Adoro la prima tazza di caffè della giornata, perchè so che ne buscherò molte altre: diluite nel latte e con qualche biscotto al grano saraceno, che quando lo infili in bocca diventa una mappazza da mezzo chilo: odio la pasticceria danese, tutta secca a burrosa allo stesso tempo, che mi lascia le gote vuote. Mi piace la quantità e, come ulteriore passo, la qualità – ma lo stomaco pieno mi dice più del palato entusiasta. Oggi ho il collo bloccato dalla tensione, come al solito, perchè la domenica è il mio lunedì: è il giorno in cui gli ospiti si sistemano nelle ville che affitto e gli impianti idraulici si rompono, l’aria condizionata si inceppa, tutto quello che richiede un tecnico, se può andar male, lo farà – questo nonostante collaudi preventivi e certificazioni, perchè la Legge di Murphy c’è. Il punto è che il dio degli affitti mi vuole ricordare che non esistono gli elettricisti che lavorano la domenica –  e che io non risiedo in Olimpo City. Fair enough.

Davanti a questo caffè mi chiedi se la scelta che abbiamo fatto è stata posata, se ti amo, se mi ami, se siamo certi. La verità, quella che non vuoi sentire, è che sarebbe bastato un piccolo bruscolino per cambiare tutto.
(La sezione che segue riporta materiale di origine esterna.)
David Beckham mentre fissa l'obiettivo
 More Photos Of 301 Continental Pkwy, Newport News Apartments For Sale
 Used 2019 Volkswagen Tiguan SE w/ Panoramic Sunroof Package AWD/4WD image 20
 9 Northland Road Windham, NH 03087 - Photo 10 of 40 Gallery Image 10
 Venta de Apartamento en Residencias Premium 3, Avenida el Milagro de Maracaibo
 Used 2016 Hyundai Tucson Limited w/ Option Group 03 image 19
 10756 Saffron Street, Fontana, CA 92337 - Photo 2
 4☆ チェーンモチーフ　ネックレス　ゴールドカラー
Ti ricordi quando ti ho detto che andavo a dormire da Cosa? Quella sera c’era anche Coso, no non lo sapevo, e sarebbe stato anche lui un papabile qualcuno nella mia vita se non gli fosse morto qualcuno quella sera. Destino. Oppure ti ricordi quando ti ho detto che non importava che tu ci fossi? Che era lo stesso? Non era vero, ma mi hanno tirato su, sono venuta così, cerco di non forzare mai le persone: ma meno male che c’eri. La verità è l’ultima cosa che ognuno vuole sentire, pare, e quindi rispondo bene. Come tu vuoi.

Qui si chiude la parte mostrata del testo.